Forum OpenACS Development: Re: Comments within cr_check_mime_type

Collapse
Posted by Antonio Pisano on
Hi Iuri,

some approaches available now which you might consider for filetype detection is:
- available tcl API (e.g. [1])
- wrapping the "file" command line utility (on unix-like systems).

Keep in mind that, although stricter, checking file type by its content is much more expensive than the lazy, extension-based approach (requires file IO, sometimes an exec...). Also, the more you want recognition to be "type specific" (e.g. number of pages in a pdf, width of a png...) and the more is likely you will need a special tool/lib for this.

About pdfs, in [1] you can see they are also recognized (but you should check with different variants). If you need some further content inspection, the pdfinfo command from the poppler-utils works quite fine and we have also some wrapping for this in [2]
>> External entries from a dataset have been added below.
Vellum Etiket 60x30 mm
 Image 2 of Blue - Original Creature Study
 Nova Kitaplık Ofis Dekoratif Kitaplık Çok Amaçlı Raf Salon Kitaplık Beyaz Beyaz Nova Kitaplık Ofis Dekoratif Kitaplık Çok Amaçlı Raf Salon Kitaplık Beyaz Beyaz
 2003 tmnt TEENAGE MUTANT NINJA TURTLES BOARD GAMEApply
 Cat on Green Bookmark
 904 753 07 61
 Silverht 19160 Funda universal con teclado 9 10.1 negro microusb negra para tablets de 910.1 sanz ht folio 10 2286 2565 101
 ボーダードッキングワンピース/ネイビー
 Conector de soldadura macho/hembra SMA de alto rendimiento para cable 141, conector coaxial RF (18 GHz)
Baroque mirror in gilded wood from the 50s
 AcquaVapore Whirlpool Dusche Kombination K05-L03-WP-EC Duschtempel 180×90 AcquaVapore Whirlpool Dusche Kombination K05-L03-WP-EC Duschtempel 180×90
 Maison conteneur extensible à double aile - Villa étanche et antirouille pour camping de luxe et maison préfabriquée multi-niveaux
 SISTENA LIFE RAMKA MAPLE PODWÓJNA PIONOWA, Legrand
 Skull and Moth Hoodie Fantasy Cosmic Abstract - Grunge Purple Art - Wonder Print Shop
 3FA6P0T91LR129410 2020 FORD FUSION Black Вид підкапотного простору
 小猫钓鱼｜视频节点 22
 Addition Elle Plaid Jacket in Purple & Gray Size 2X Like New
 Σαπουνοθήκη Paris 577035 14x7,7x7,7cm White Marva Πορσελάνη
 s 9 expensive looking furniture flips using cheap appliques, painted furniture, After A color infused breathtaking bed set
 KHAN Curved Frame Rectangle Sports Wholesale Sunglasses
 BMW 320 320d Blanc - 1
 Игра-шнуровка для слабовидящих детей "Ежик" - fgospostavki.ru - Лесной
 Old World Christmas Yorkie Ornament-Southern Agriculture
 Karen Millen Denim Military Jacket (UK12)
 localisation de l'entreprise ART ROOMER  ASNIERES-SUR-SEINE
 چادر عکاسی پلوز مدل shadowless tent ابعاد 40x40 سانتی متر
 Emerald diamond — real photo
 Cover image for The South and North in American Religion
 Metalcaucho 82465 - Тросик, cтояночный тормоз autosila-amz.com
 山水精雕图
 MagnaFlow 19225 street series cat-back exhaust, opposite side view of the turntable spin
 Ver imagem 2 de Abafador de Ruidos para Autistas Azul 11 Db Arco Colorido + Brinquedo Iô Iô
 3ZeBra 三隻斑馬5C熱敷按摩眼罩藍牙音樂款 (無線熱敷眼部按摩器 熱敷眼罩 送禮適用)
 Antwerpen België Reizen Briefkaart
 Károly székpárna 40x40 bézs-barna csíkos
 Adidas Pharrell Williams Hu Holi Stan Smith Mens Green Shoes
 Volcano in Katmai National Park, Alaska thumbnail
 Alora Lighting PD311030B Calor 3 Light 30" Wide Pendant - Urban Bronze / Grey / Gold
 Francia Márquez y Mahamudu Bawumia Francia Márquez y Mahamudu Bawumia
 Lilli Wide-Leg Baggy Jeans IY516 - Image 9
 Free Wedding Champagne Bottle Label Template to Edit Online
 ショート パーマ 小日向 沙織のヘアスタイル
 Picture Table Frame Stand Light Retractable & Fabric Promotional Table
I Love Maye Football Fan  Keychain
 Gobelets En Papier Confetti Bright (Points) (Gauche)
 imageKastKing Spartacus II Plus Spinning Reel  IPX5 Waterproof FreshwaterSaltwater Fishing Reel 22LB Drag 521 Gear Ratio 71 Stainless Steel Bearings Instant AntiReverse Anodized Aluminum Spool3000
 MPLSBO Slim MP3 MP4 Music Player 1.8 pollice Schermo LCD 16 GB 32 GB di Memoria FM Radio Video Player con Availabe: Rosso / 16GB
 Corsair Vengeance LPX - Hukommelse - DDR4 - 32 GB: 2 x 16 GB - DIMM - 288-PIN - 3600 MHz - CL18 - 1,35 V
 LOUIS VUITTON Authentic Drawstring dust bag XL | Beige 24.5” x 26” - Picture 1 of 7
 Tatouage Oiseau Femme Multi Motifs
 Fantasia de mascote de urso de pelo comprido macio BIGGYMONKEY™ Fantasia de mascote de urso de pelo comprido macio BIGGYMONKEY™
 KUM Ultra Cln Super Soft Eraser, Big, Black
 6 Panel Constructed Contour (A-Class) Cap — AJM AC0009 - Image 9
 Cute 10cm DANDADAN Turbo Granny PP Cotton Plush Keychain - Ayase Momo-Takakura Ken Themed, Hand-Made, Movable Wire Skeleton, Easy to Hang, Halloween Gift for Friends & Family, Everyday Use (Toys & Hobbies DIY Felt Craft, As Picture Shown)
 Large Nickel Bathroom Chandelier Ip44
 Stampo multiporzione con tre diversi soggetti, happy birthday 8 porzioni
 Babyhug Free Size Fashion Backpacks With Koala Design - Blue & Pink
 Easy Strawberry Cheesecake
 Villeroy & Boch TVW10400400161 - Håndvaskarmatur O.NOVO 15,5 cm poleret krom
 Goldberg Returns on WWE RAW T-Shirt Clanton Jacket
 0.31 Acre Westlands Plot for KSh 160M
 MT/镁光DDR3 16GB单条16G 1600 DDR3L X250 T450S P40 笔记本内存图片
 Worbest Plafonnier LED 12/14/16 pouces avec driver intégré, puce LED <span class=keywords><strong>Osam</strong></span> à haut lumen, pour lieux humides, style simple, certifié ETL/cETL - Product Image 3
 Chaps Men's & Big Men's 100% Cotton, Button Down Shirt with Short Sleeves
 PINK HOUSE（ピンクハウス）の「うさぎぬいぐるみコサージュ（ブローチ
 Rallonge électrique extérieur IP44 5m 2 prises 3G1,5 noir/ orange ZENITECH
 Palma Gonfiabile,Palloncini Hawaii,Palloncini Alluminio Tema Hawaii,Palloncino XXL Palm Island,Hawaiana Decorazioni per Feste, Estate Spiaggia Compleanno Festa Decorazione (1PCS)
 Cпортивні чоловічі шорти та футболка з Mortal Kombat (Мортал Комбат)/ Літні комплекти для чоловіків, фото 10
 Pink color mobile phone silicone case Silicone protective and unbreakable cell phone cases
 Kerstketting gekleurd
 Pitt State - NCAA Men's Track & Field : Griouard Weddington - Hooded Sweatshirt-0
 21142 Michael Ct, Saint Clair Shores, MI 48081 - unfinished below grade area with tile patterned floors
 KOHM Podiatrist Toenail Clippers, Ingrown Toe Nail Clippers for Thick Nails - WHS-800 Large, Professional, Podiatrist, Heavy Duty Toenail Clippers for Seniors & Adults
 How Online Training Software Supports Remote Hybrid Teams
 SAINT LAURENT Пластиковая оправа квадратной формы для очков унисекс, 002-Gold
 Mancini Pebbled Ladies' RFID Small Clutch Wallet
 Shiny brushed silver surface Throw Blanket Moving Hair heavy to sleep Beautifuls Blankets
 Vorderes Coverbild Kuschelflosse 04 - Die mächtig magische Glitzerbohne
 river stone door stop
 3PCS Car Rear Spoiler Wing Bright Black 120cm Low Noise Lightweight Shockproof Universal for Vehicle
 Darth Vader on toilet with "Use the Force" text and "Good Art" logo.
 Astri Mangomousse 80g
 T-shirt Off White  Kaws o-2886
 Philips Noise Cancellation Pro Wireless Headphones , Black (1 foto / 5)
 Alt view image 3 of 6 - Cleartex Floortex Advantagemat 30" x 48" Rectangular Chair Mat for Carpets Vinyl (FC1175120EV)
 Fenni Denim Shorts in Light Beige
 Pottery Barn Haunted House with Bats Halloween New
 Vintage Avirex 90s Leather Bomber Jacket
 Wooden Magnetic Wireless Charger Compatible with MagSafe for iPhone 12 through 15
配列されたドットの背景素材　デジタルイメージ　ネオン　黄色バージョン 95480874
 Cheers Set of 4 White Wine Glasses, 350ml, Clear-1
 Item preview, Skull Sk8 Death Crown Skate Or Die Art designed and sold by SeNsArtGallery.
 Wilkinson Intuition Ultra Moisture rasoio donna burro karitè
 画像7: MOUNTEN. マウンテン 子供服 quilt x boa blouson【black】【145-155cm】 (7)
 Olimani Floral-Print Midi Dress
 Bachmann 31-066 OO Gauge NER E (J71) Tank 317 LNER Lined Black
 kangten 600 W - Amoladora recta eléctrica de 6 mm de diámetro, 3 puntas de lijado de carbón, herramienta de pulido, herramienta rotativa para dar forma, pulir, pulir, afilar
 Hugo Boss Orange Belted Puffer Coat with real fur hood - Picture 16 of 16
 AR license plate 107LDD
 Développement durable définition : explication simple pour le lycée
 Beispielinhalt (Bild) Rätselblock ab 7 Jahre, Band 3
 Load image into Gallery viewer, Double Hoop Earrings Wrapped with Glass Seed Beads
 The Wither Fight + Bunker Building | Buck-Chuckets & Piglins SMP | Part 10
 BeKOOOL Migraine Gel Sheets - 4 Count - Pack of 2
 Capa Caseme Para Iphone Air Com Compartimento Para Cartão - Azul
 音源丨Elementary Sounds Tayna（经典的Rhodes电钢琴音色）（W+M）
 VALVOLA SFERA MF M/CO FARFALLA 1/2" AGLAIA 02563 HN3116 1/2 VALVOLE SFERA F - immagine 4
[1] - https://core.tcl.tk/tcllib/doc/tcllib-1-18/embedded/www/tcllib/files/modules/fileutil/fileutil.html#11
[2] - https://openacs.org/api-doc/proc-view?proc=util::pdfinfo&source_p=1

Collapse
Posted by Iuri Sampaio on
Thanks Antonio.
That's precisely the information I need. I'm aware that depending on the feature a third party app would be implied. Plus I/O would mean performance decrease, and so on.

A good example is based on what I've seen from Dave, in the scenarios ImageMagick has been applied, and etc.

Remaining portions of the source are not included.